Kategorien wie Russland-freundlich versus NATO-freundlich sind unterkomplex. Als anti-militaristische Friedenspartei lehnt DIE LINKE völkerrechtswidrige, ethnisch-nationalistisch begründete Angriffskriege wie denjenigen Putins auf die Ukraine grundsätzlich ab. Ebenfalls lehnen wir die undemokratisch strukturierte NATO ab. Sie wird von nationalistisch-geostrategischen US-Hegemonialinteressen dominiert, und bisweilen auch von innenpolitischen Interessen der USA, wie beim überstürzten Afghanistan-Abzug mit dramatischen Folgen. Die sicherheitspolitischen Interessen der USA folgen der Doktrin, die einzige Weltmacht zu sein. Dadurch sind sie nicht immer deckungsgleich und zum Teil sogar konträr gegenüber den Interessen der EU, die als Friedensprojekt gegründet worden ist.

Eine pazifistische Partei war und ist DIE LINKE nicht, und dies kommt zum Beispiel jedes Jahr am 8. Mai zum Ausdruck, wenn wir der Befreiung Deutschlands von Hitlers-Terrorregime durch die Alliierten gedenken. DIE LINKE respektiert das Recht auf Selbstverteidigung und Nothilfe. Als LINKE stehen wir Waffenlieferungen Deutschlands in die Ukraine aber schon aufgrund der deutschen Geschichte und der damit einhergehenden besonderen Verantwortung Deutschlands kritisch gegenüber. Die von der Ampel im Bund angekündigte massive Aufrüstung Deutschlands im Rahmen der NATO lehnen wir ab. Sie würde zwangsläufig auf Kosten von Sozialem und Klimaschutz gehen und gleichzeitig eine neue Aufrüstungsspirale in Gang setzen. Die Welt insgesamt würde so noch unökologischer, unsozialer und auch unsicherer. Die bereits vorhandenen massiven militärischen Kapazitäten der NATO übersteigen diejenigen Russlands bereits bei weitem, konnten aber den Angriff auf die Ukraine nicht verhindern. Die Ampel-Bundesregierung sieht nun 100 Milliarden Euro und zukünftig jährlich 2 Prozent des Bruttoinlandsprodukts für Rüstung vor.

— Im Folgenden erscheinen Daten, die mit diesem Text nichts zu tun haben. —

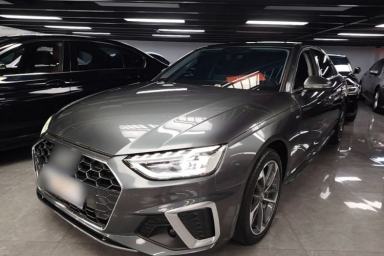 Used Audi A4L 2020 40 TFSI Fashion Dynamic Model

Stattdessen werden diese für andere Herausforderungen benötigt: für die Bekämpfung der seit Jahren zunehmenden Armut in Deutschland und im globalen Süden, für Investitionen in Bildung und den sozial-ökologischen Umbau der Gesellschaft, um aus der ökologischen Sackgasse zu kommen, in der sich die Menschheit befindet.

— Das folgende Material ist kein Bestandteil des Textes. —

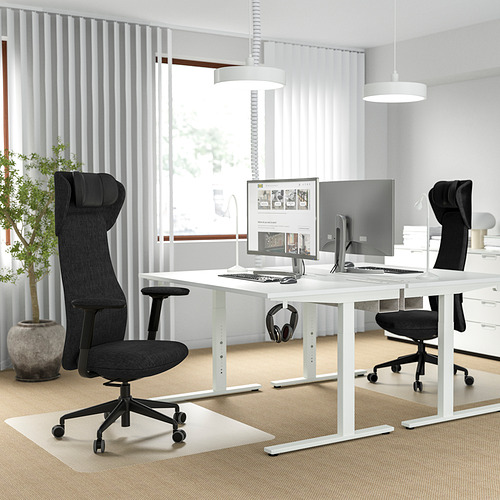 GRÖNFJÄLL, office chair with arm/headrest. 4 of 15 open dialog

Durch Putins Agieren ist allerdings eine neue Bedrohungssituation in Europa entstanden, und gerade Deutschland hat eine Verantwortung gegenüber seinen osteuropäischen Nachbarn. Dem Aufbau eigener Verteidigungskapazitäten der EU auf der Grundlage des Aachener Vertrags (und zwar perspektivisch unabhängig von der NATO - wie von Frankreich seit Jahrzehnten angestrebt!) würde ich mich nicht gänzlich verweigern. Es ist auch mit Blick auf die Regierungszeit Trumps höchste Zeit, dass Europa seine Verteidigung selbstständig in die eigenen Hände nimmt. Dabei muss der Schwerpunkt immer auf Krisenprävention und der Vermeidung von Krieg sowie rein defensiven militärischen Kapazitäten liegen. Wie alle anderen Parteien in Deutschland werden wir einige Diskussionen zu führen haben. Für uns als DIE LINKE muss es dabei darum gehen, realistische Antworten auf die neue sicherheitspolitische Herausforderung zu finden und gleichzeitig unser Profil als Friedenspartei weiter zu schärfen."